While the oil industry benefited from tax breaks, offshore workers find little reason to join the revelry. As oil prices plunged at its lowest in the last 5 years, the supply continued to increase, while the demand continued to drop. This led to consumer benefits, but major losses in the energy industries. Despite the tax breaks, job cuts are still foreseen to continue, which means oil and gas workers are at risk of losing their jobs.
The North Sea has greatly suffered from plunging oil prices and hundreds of job cuts have already been announced. In fact, it was feared that investments would also drop, causing oil fields to be decommissioned faster than anyone predicted.

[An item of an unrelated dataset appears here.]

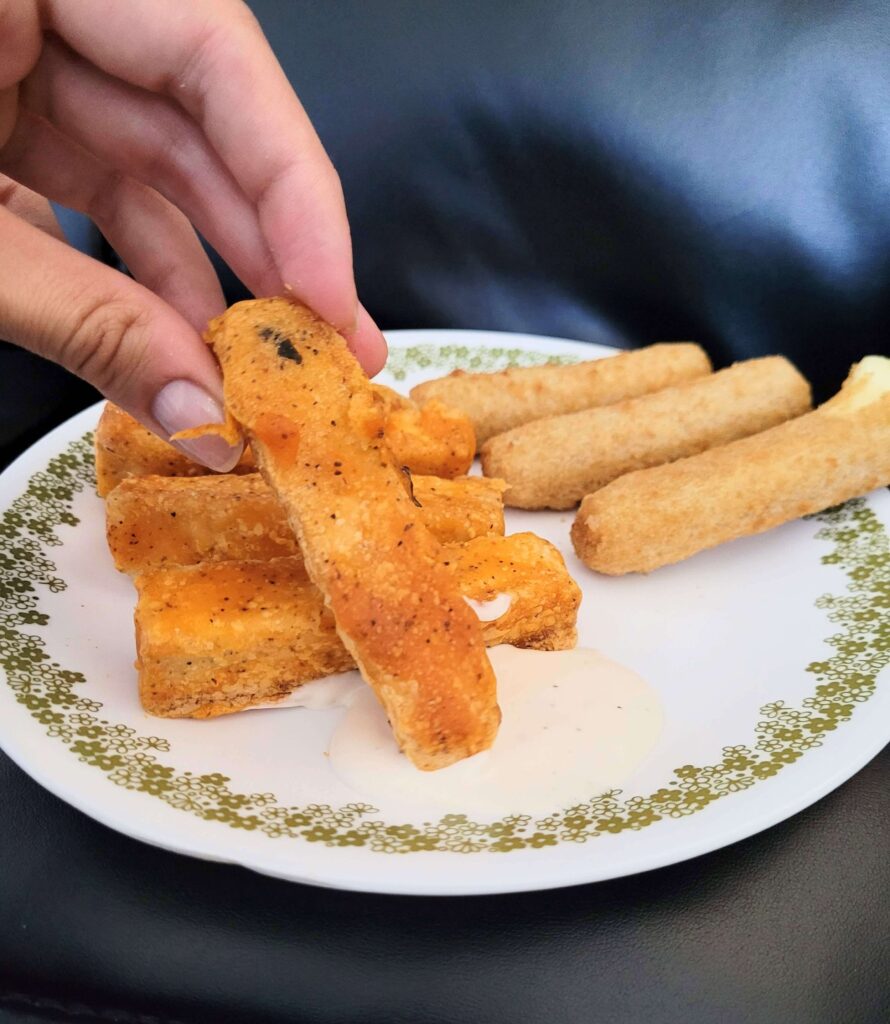 buffalo tofu with a hand holding up a piece on a plate with mozzarella sticks in the background.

According to some offshore workers in Aberdeen, they would have to work an extra week for the same pay. This coincided with what Jake Molloy, regional organizer at the RMT Union, and who represents over 5000 North Sea workers, said. “Rig workers are being asked to work more hours for the same pay across the industry. Mr Osborne put a bundle of cash in big oil shareholder’s pockets…it’s a pretty disappointing day for the guys at the sharp end.”
Industry executives have informed Molloy to “expect more pay cuts and redundancies”. The oil services company Wood Group has also announced its intent to cut jobs. Its owner, Sir Ian Wood, has forecast that, in the next 18 months, up to 10,000 jobs could be lost.

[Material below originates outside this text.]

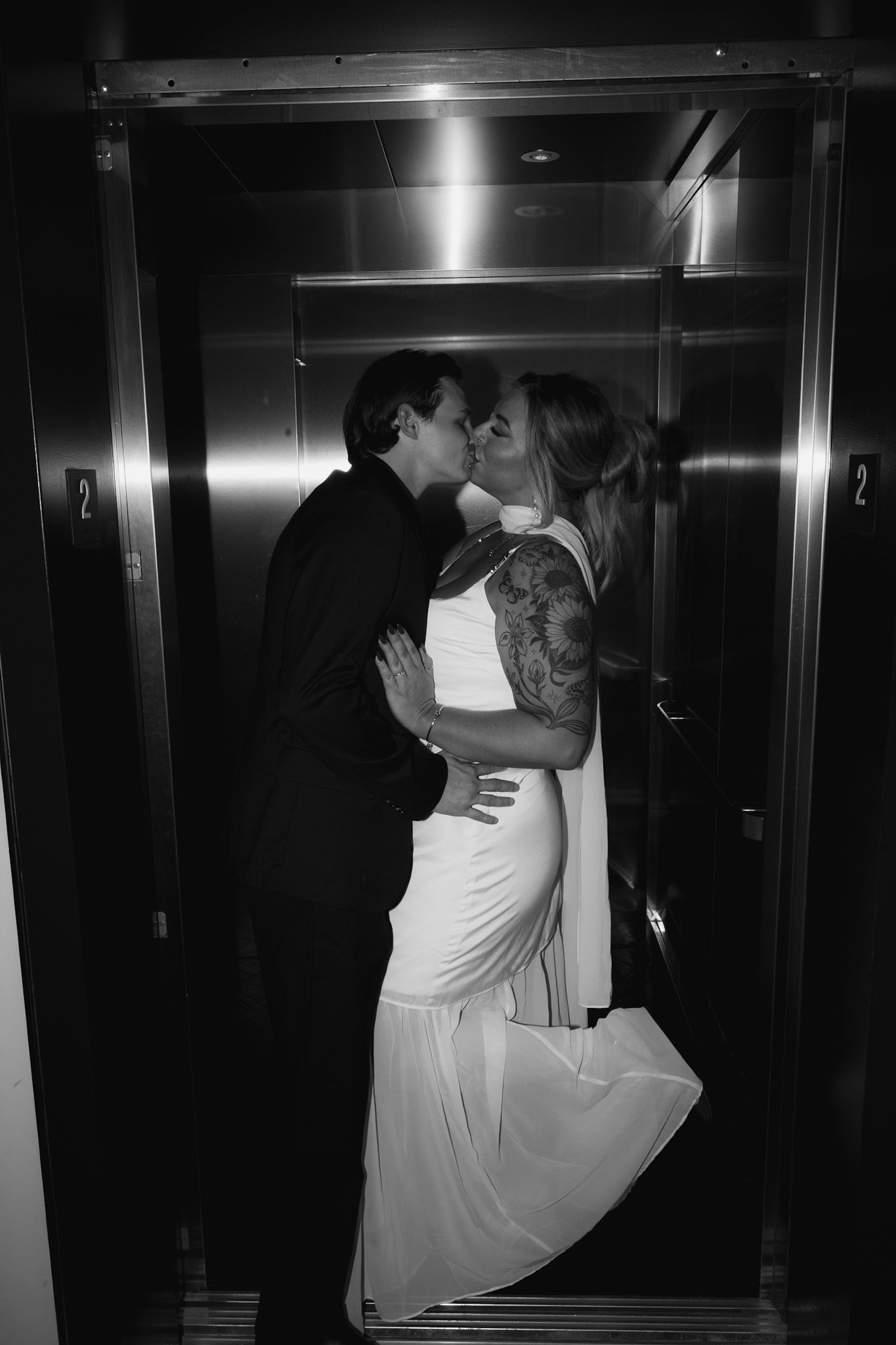 Dramatic black and white sequence of a romantic moment in an elevator.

This may contradict consultancy EY’s report last year that nearly 10 percent of UK offshore oil and gas jobs will be lost over the next five years, but the fact remains that workers have plenty of reasons to worry about.

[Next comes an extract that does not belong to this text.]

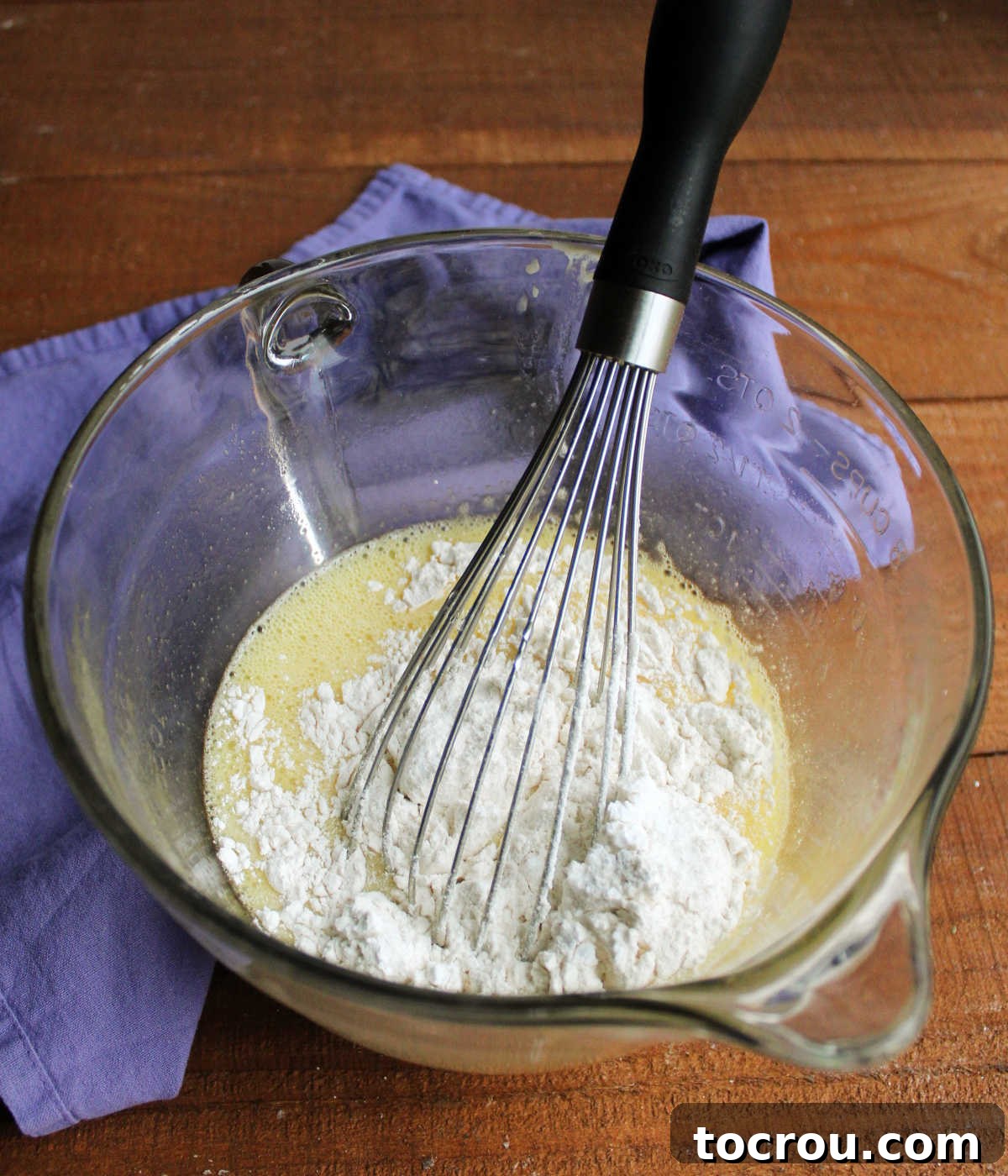 Adding flour and cream of tartar to wet ingredients.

George Baxter, a 65 year old oil worker, said that if he were still starting out, he would not choose a career in oil. “Say I was a young 20-year-old, I’d be thinking of an alternative in the energy sector. I think it has got to be windfarms, things like that, or fracking.”
As oil prices affect global company, problems in oil and gas jobs are also happening to the rest of the world. Thousands of energy workers in the U.S. have already been laid off, and from jobs that paid healthy wages. Due to depressed oil and natural gas prices, workers in Wyoming have also become redundant.
The situation continues to threaten the livelihoods of people that have been enjoying a previously booming oil and gas industry. Businesses are also at risk of closing since people who lose their jobs would rather not spend their money, as much as possible.
While consumers celebrate in the drop of oil prices, and companies revel in the tax breaks, more oil and gas workers are now unemployed. When this happens, they also lose access to the health benefits and other incentives that companies provide.
As one laid-off employee said, consumers don’t realize what is really going on and fails to see the bigger picture.